What is needed: Reproduce the lines of the material exactly, excluding every image.

Records shown:
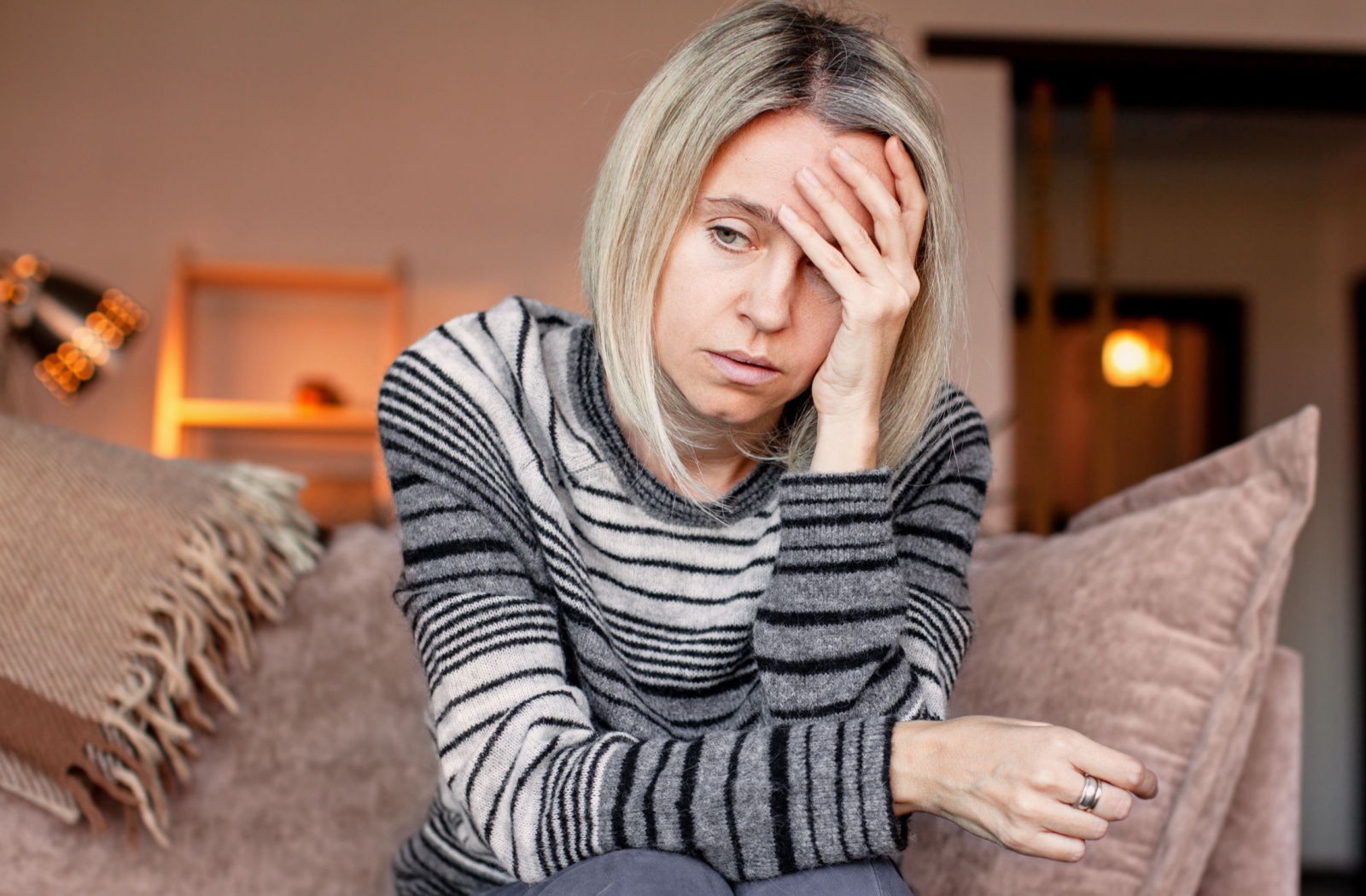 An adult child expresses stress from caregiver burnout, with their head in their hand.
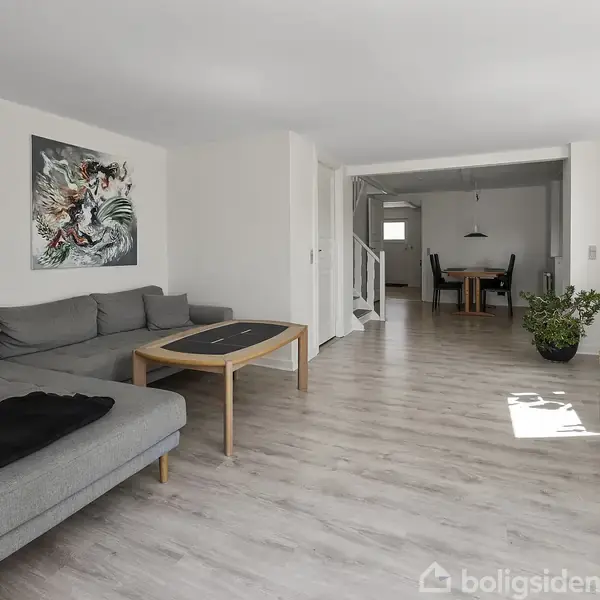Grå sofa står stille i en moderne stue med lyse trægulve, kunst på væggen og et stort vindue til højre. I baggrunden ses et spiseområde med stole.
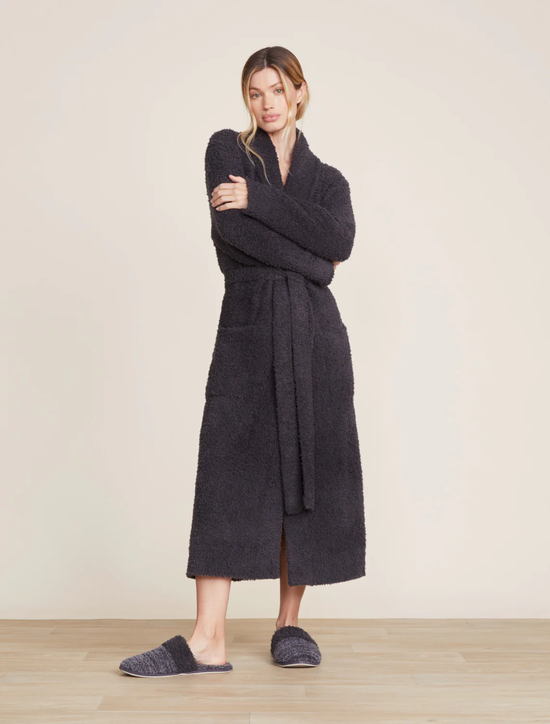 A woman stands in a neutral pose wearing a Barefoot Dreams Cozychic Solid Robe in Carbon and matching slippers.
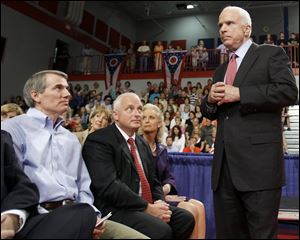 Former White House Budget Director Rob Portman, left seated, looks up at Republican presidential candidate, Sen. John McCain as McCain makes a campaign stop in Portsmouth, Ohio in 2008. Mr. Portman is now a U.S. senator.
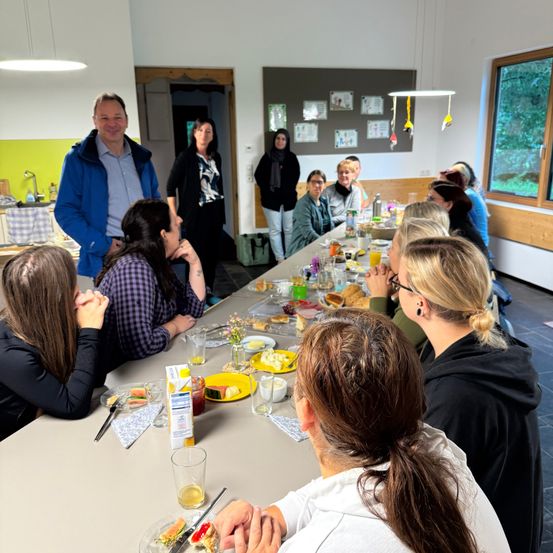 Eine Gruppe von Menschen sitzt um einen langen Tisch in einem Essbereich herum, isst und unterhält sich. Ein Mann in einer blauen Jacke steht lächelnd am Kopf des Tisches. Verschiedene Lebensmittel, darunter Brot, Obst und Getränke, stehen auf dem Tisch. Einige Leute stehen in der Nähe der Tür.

Answer for this exercise:
 An adult child expresses stress from caregiver burnout, with their head in their hand.
Grå sofa står stille i en moderne stue med lyse trægulve, kunst på væggen og et stort vindue til højre. I baggrunden ses et spiseområde med stole.
 A woman stands in a neutral pose wearing a Barefoot Dreams Cozychic Solid Robe in Carbon and matching slippers.
 Former White House Budget Director Rob Portman, left seated, looks up at Republican presidential candidate, Sen. John McCain as McCain makes a campaign stop in Portsmouth, Ohio in 2008. Mr. Portman is now a U.S. senator.
 Eine Gruppe von Menschen sitzt um einen langen Tisch in einem Essbereich herum, isst und unterhält sich. Ein Mann in einer blauen Jacke steht lächelnd am Kopf des Tisches. Verschiedene Lebensmittel, darunter Brot, Obst und Getränke, stehen auf dem Tisch. Einige Leute stehen in der Nähe der Tür.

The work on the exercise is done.